Here's what you'll need to know to convert your BS3 code and habits to BS4:

You need a parser
^^^^^^^^^^^^^^^^^

Beautiful Soup 3 used Python's ``SGMLParser``, a module that was
deprecated and removed in Python 3.0. Beautiful Soup 4 uses
``html.parser`` by default, but you can plug in lxml or html5lib and
use that instead. See :ref:`parser-installation` for a comparison.

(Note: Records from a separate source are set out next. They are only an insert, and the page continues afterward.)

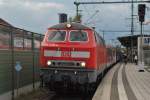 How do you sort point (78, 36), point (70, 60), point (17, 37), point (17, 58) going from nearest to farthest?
point (17, 58), point (17, 37), point (70, 60), point (78, 36)

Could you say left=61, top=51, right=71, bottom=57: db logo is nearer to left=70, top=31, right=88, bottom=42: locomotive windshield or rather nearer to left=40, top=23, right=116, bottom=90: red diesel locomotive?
left=40, top=23, right=116, bottom=90: red diesel locomotive

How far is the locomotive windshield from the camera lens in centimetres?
1836

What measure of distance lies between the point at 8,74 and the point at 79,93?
5907mm

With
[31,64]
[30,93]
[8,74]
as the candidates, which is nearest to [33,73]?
[31,64]

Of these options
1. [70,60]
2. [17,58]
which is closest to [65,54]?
[70,60]

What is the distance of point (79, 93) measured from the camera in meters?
20.8

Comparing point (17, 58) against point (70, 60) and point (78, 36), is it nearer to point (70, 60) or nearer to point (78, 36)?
point (70, 60)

Since ``html.parser`` is not the same parser as ``SGMLParser``, it
will treat invalid markup differently. Usually the "difference" is
that ``html.parser`` crashes. In that case, you'll need to install
another parser. But sometimes ``html.parser`` just creates a different
parse tree than ``SGMLParser`` would. If this happens, you may need to
update your BS3 scraping code to deal with the new tree.

Method names
^^^^^^^^^^^^

* ``renderContents`` -> ``encode_contents``
* ``replaceWith`` -> ``replace_with``
* ``replaceWithChildren`` -> ``unwrap``
* ``findAll`` -> ``find_all``
* ``findAllNext`` -> ``find_all_next``
* ``findAllPrevious`` -> ``find_all_previous``
* ``findNext`` -> ``find_next``
* ``findNextSibling`` -> ``find_next_sibling``
* ``findNextSiblings`` -> ``find_next_siblings``
* ``findParent`` -> ``find_parent``
* ``findParents`` -> ``find_parents``
* ``findPrevious`` -> ``find_previous``
* ``findPreviousSibling`` -> ``find_previous_sibling``
* ``findPreviousSiblings`` -> ``find_previous_siblings``
* ``nextSibling`` -> ``next_sibling``
* ``previousSibling`` -> ``previous_sibling``

Some arguments to the Beautiful Soup constructor were renamed for the
same reasons:

* ``BeautifulSoup(parseOnlyThese=...)`` -> ``BeautifulSoup(parse_only=...)``
* ``BeautifulSoup(fromEncoding=...)`` -> ``BeautifulSoup(from_encoding=...)``

I renamed one method for compatibility with Python 3:

* ``Tag.has_key()`` -> ``Tag.has_attr()``

I renamed one attribute to use more accurate terminology:

* ``Tag.isSelfClosing`` -> ``Tag.is_empty_element``

I renamed three attributes to avoid using words that have special
meaning to Python. Unlike the others, these changes are *not backwards
compatible.* If you used these attributes in BS3, your code will break
on BS4 until you change them.

* ``UnicodeDammit.unicode`` -> ``UnicodeDammit.unicode_markup``
* ``Tag.next`` -> ``Tag.next_element``
* ``Tag.previous`` -> ``Tag.previous_element``

Generators
^^^^^^^^^^

I gave the generators PEP 8-compliant names, and transformed them into
properties:

* ``childGenerator()`` -> ``children``
* ``nextGenerator()`` -> ``next_elements``
* ``nextSiblingGenerator()`` -> ``next_siblings``
* ``previousGenerator()`` -> ``previous_elements``
* ``previousSiblingGenerator()`` -> ``previous_siblings``
* ``recursiveChildGenerator()`` -> ``descendants``
* ``parentGenerator()`` -> ``parents``

So instead of this::

 for parent in tag.parentGenerator():
     ...

You can write this::

 for parent in tag.parents:
     ...

(But the old code will still work.)

Some of the generators used to yield ``None`` after they were done, and
then stop. That was a bug. Now the generators just stop.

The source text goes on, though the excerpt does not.